Assignment: Transcribe the line holding "Milf Hunter - Tag That Pussy - 06/28/2010" together with every line after it, through the end of the records, exactly and with no pictures.

Extracted data:
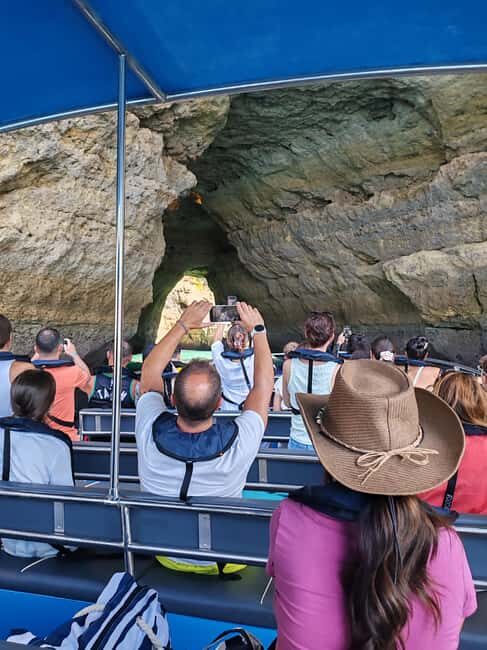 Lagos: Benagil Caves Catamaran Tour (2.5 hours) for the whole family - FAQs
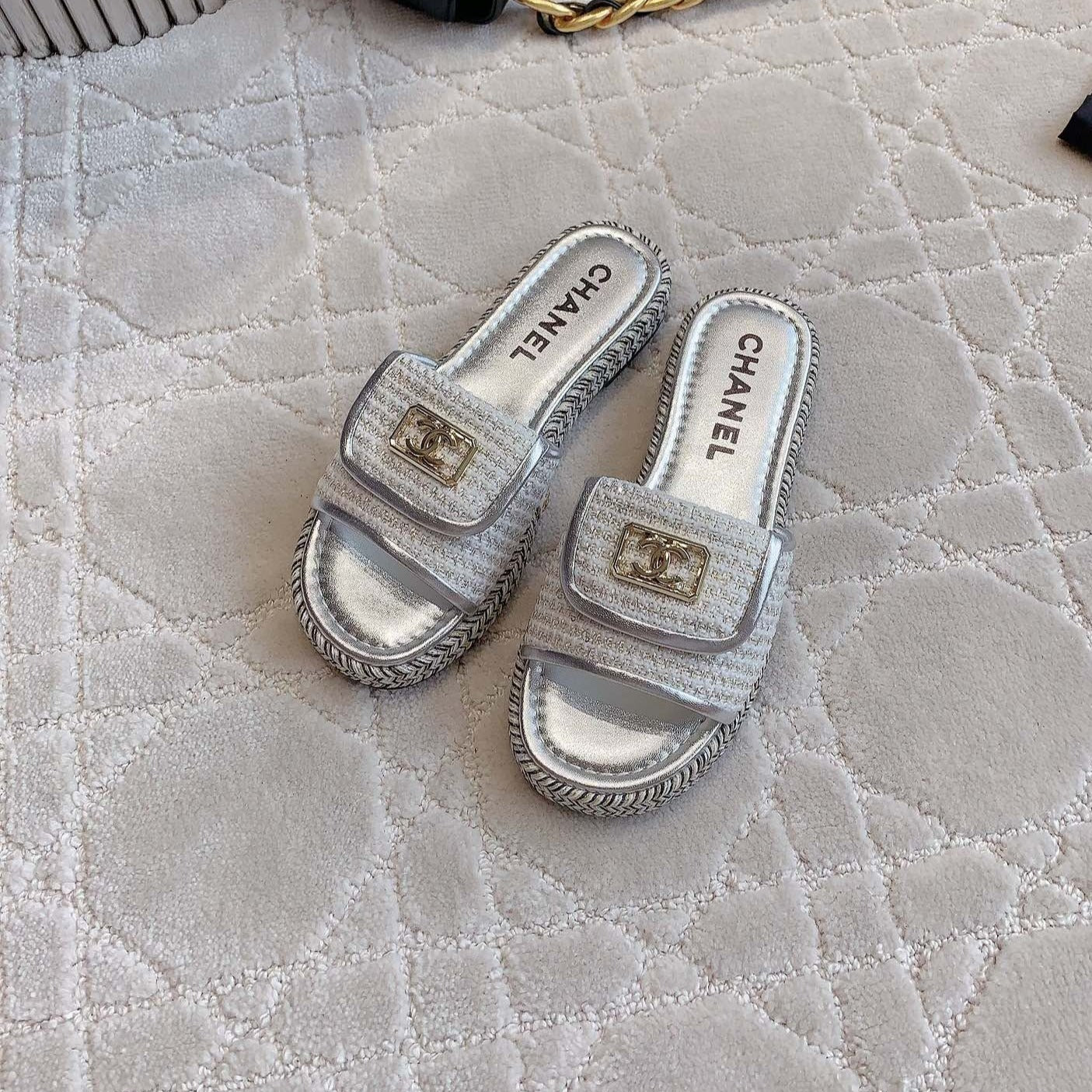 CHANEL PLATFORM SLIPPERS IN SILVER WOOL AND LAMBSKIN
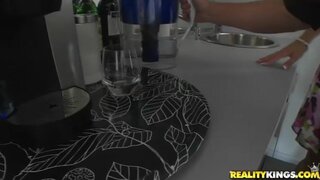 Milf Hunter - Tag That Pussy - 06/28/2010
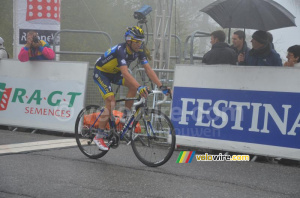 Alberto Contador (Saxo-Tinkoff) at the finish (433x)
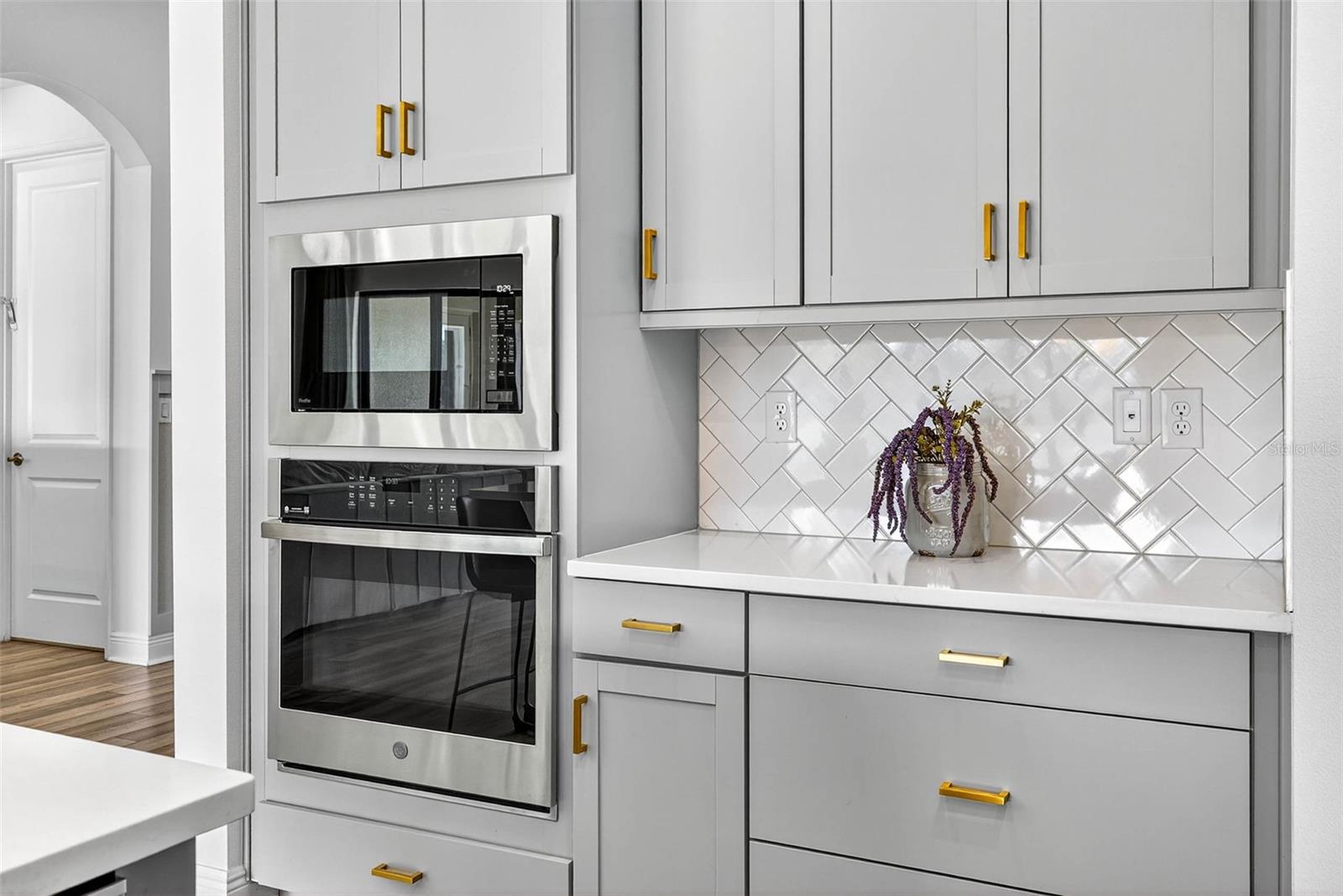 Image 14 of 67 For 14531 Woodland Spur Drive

Solved exercise:
 Milf Hunter - Tag That Pussy - 06/28/2010
 Alberto Contador (Saxo-Tinkoff) at the finish (433x)
 Image 14 of 67 For 14531 Woodland Spur Drive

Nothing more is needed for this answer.